SUPPLIED INFORMATION –
· · · ·

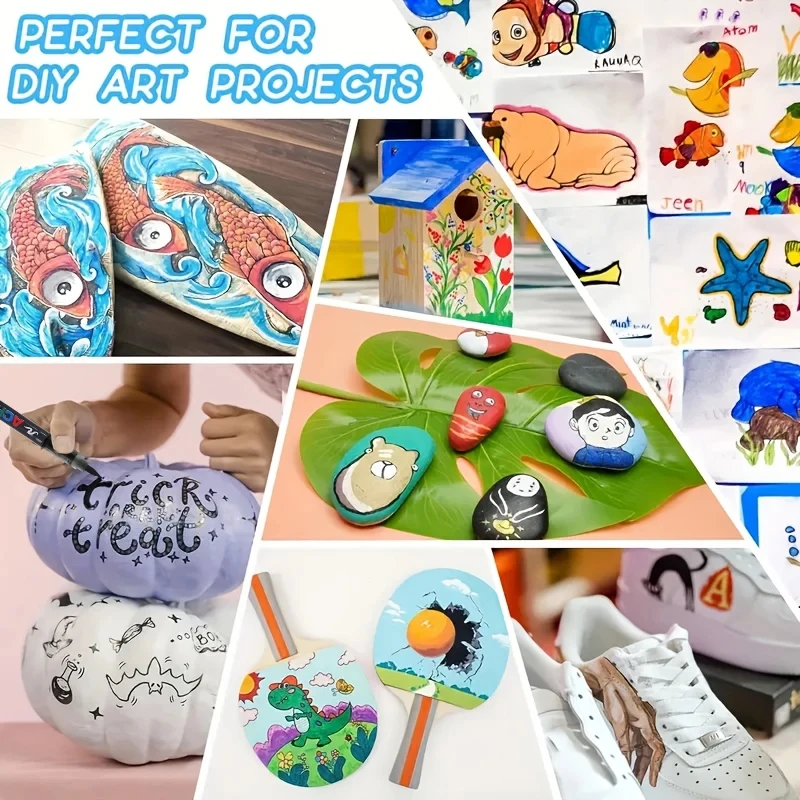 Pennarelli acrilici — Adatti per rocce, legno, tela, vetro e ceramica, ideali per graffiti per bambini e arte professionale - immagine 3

· · · ·

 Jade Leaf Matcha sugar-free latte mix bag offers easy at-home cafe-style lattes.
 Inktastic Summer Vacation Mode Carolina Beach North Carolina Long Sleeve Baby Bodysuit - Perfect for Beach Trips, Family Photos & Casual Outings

· · · ·

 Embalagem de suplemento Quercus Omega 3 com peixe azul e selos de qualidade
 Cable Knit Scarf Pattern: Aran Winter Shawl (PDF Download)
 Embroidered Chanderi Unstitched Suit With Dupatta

· · · ·

WORK TO COMPLETE – Only the lines above from the one with "Embalagem de suplemento" through the one with "Embroidered Chanderi Unstitched" should be duplicated, character for character.

TASK ANSWER –
 Embalagem de suplemento Quercus Omega 3 com peixe azul e selos de qualidade
 Cable Knit Scarf Pattern: Aran Winter Shawl (PDF Download)
 Embroidered Chanderi Unstitched Suit With Dupatta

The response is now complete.